Nach diesen Grundsätzen sei im vorliegenden Fall die finanzielle Belastung durch den Sozialplan schon wirtschaftlich unvertretbar, weil die Antragstellerinnen finanziell überschuldet gewesen seien und es ihnen an einer ausreichenden Liquidität gefehlt habe, um die Sozialplanverbindlichkeiten bedienen zu können. Auch aus der Liquiditätszusage und der Vorfinanzierungszusage der britischen Konzerngesellschaft, die in der Höhe begrenzt waren, hatten sich keine hinreichenden liquiden Mittel ergeben. Entgegen der Auffassung der Vorinstanz sei auch § 123 InsO nicht analog anwendbar, die dortigen Regelungen fänden außerhalb des Insolvenzverfahrens keine Anwendung. Die spezialgesetzliche Regelung des § 123 InsO könne daher auch nicht als Orientierung bei der Dotierung von Sozialplänen außerhalb des Insolvenzverfahrens dienen.

Die Ermessenüberschreitung der Einigungsstelle in Bezug auf die wirtschaftliche Vertretbarkeit des Sozialplanvolumens führe im konkreten Fall nach dem § 139 BGB zugrundeliegenden Rechtsgedanken zur Unwirksamkeit des gesamten Einigungsstellenspruchs.

Praxishinweise

  • Das BAG hält an seiner Rechtsprechung zur wirtschaftlichen Vertretbarkeit eines Sozialplans fest und entwickelt diese fort.
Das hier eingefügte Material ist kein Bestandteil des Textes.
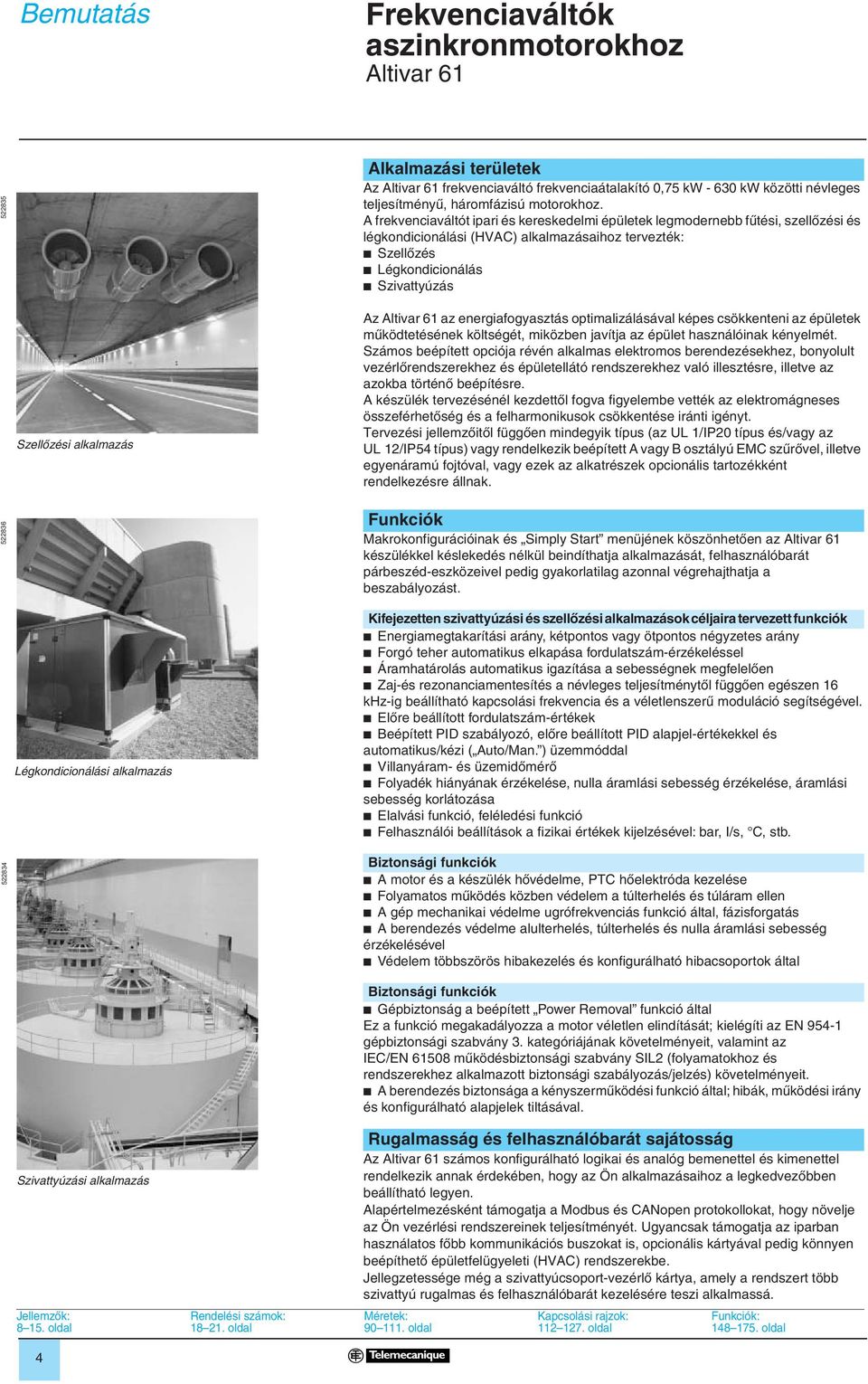 alkalmazás Az az energiafogyasztás optimalizálásával képes csökkenteni az épületek mûködtetésének költségét, miközben javítja az épület használóinak kényelmét.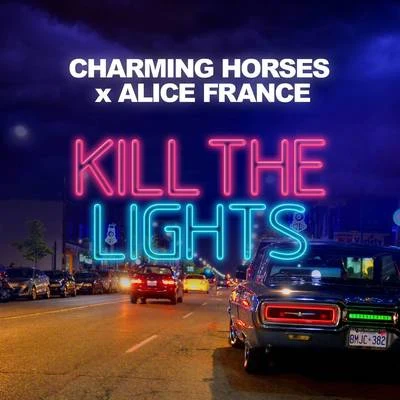 Kill the Lights 專輯 The Boy Next Door/Charming Horses/Felix Schorn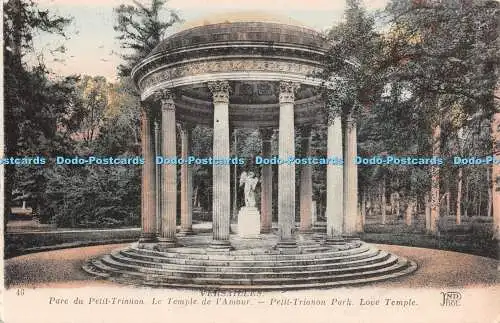 R387198 Versailles Petit Trianon Park Love Temple ND Phot Neurdein et Cie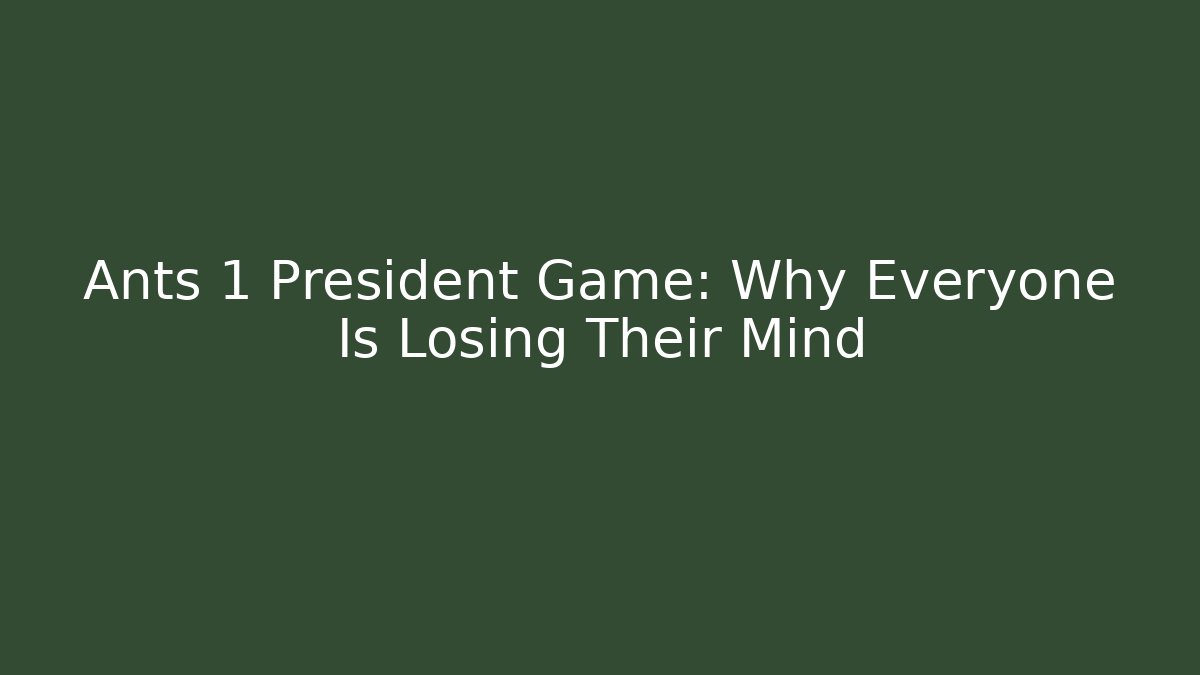 Ants 1 President Game: Why Everyone Is Losing Their Mind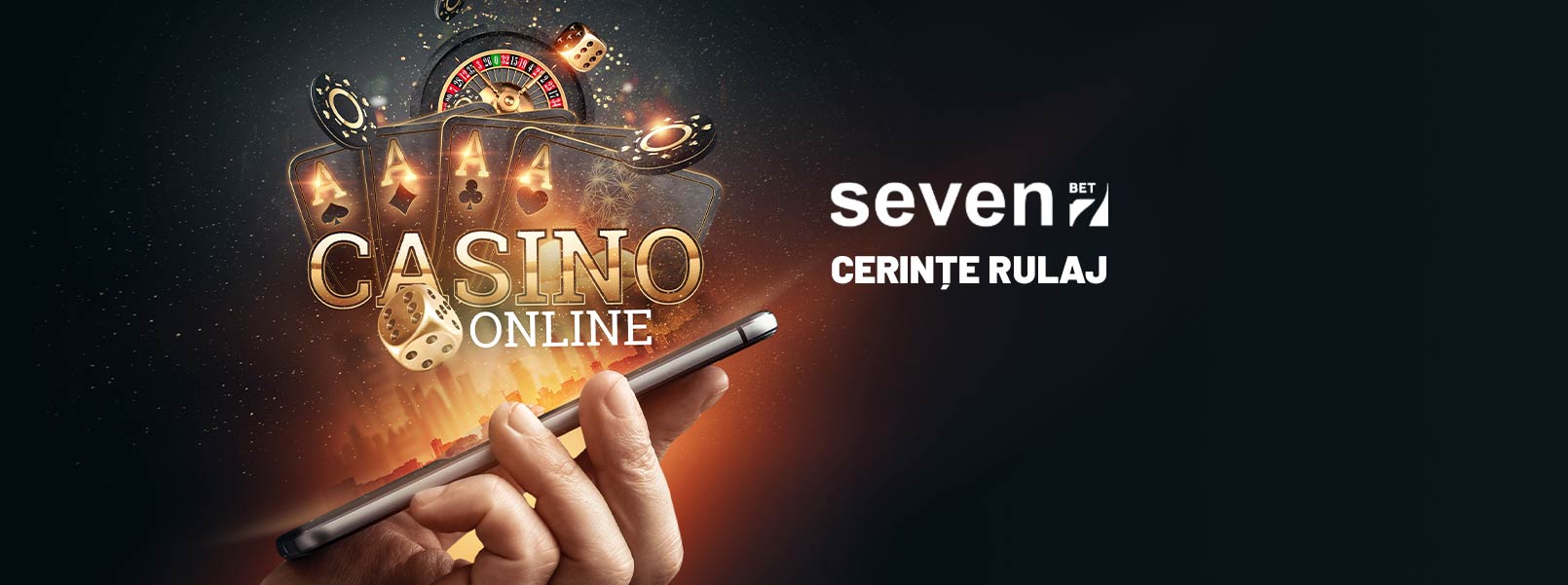 cerinte rulaj seven casino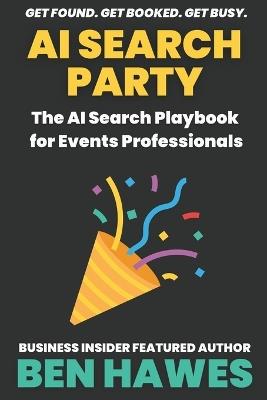 AI Search Party: The AI Search Playbook for Events Professionals - Ben Hawes - cover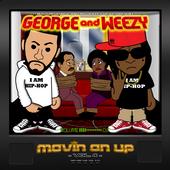 GEORGE & WEEZY MOVIN ON UP VOL.4 OUT NOW!! profile picture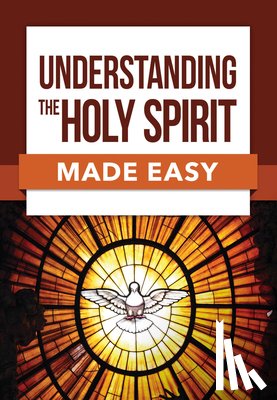 Publishing, Rose - Understanding the Holy Spirit Made Easy
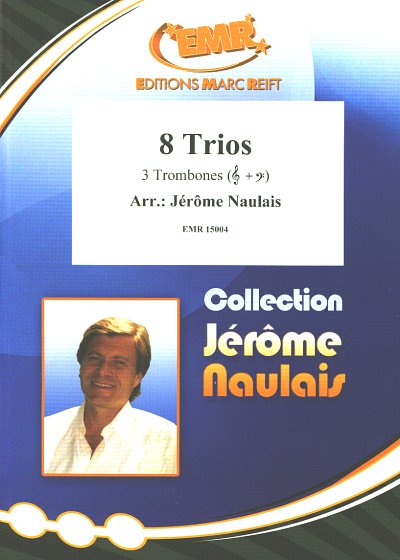 J. Naulais: 8 Trios, 3Pos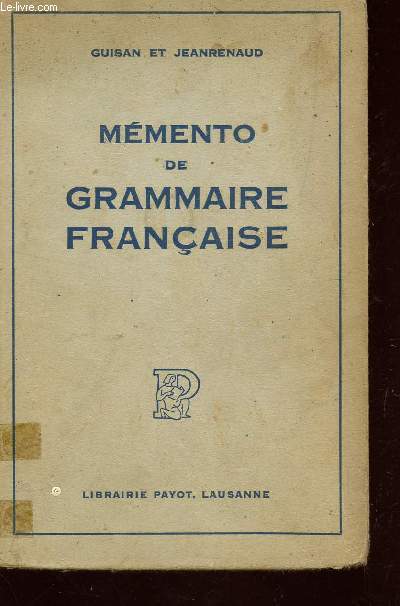 MEMENTO DE GRAMMAIRE FRANCAISE / TROISIEME EDITION.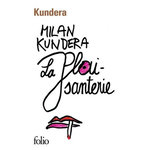 LA PLAISANTERIE, Kundera Milan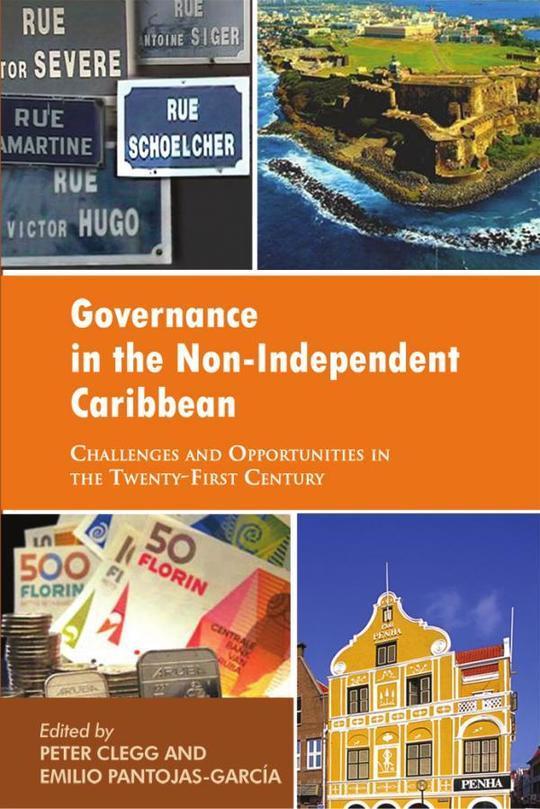 Governance in the Non-Independent Caribbean: Challenges and Opportunities in the Twenty-first Century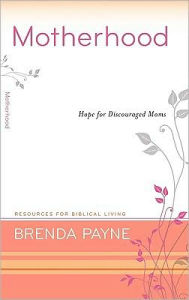 Motherhood: Hope for Discouraged Moms - Brenda Payne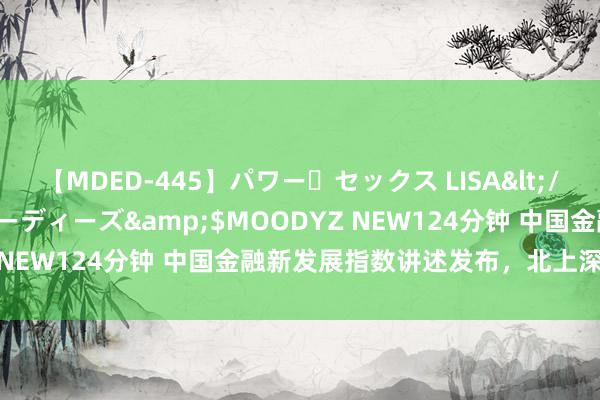 【MDED-445】パワー・セックス LISA</a>2005-08-13ムーディーズ&$MOODYZ NEW124分钟 中国金融新发展指数讲述发布，北上深上风显著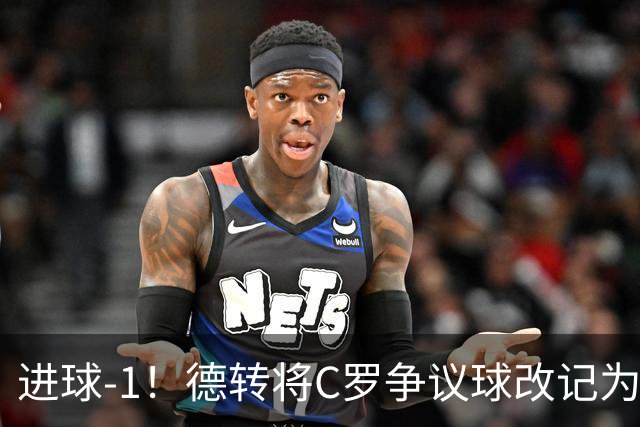 进球-1！德转将C罗争议球改记为乌龙，千球进度再添变数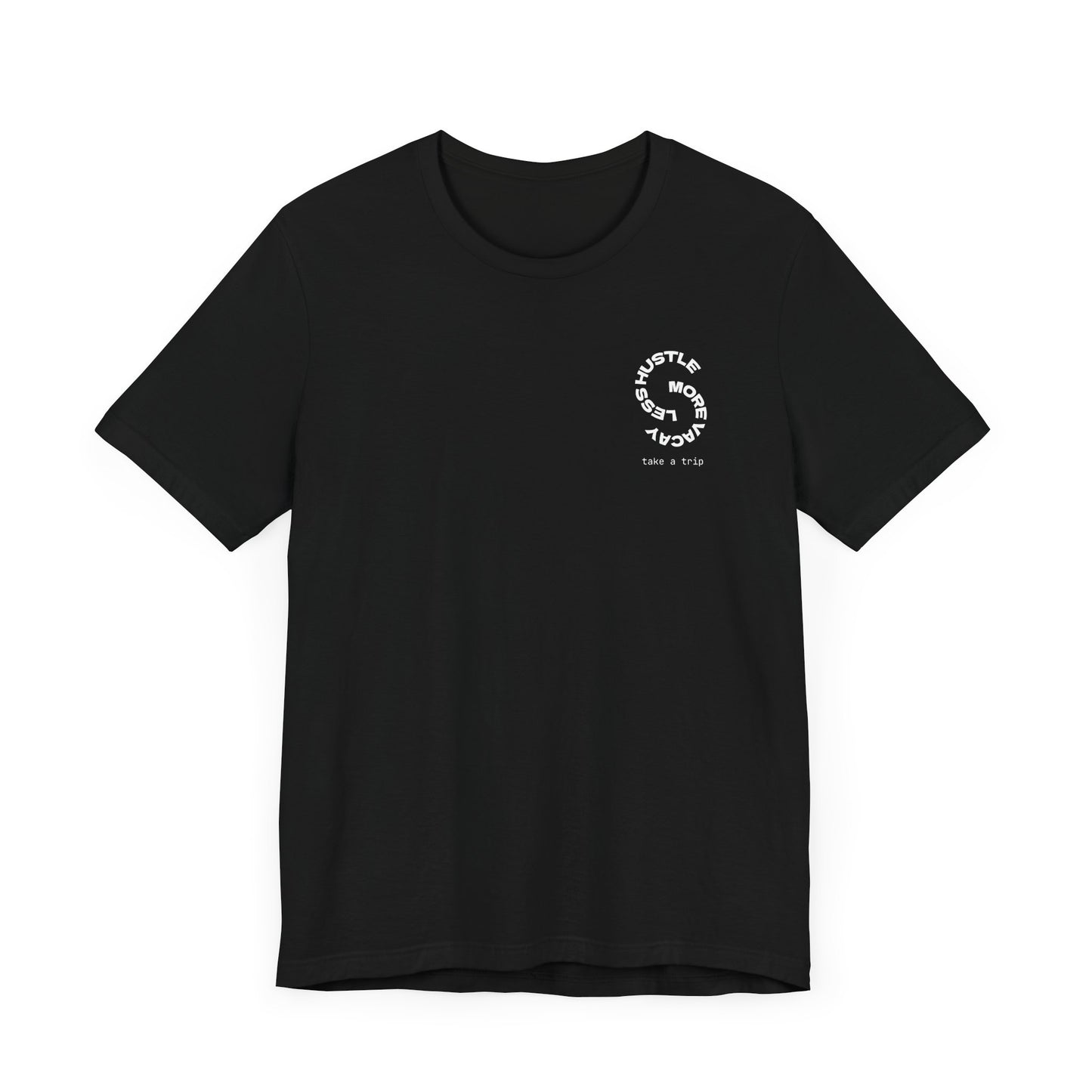 Less Hustle More Vacay Tee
Zu betonen ist, dass sich die wirtschaftliche Vertretbarkeit – auch im Konzern – nach den wirtschaftlichen Verhältnissen des sozialplanpflichtigen Arbeitgebers richtet. Die wirtschaftliche Lage des Konzerns spielt also – anders als in Verhandlungen mit Betriebsräten häufig geltend gemacht – keine Rolle. Zur Frage eines so genannten Bemessungsdurchgriffs auf Konzernobergesellschaften, etwa BAG 24. August 2004 – 1 ABR 23/03.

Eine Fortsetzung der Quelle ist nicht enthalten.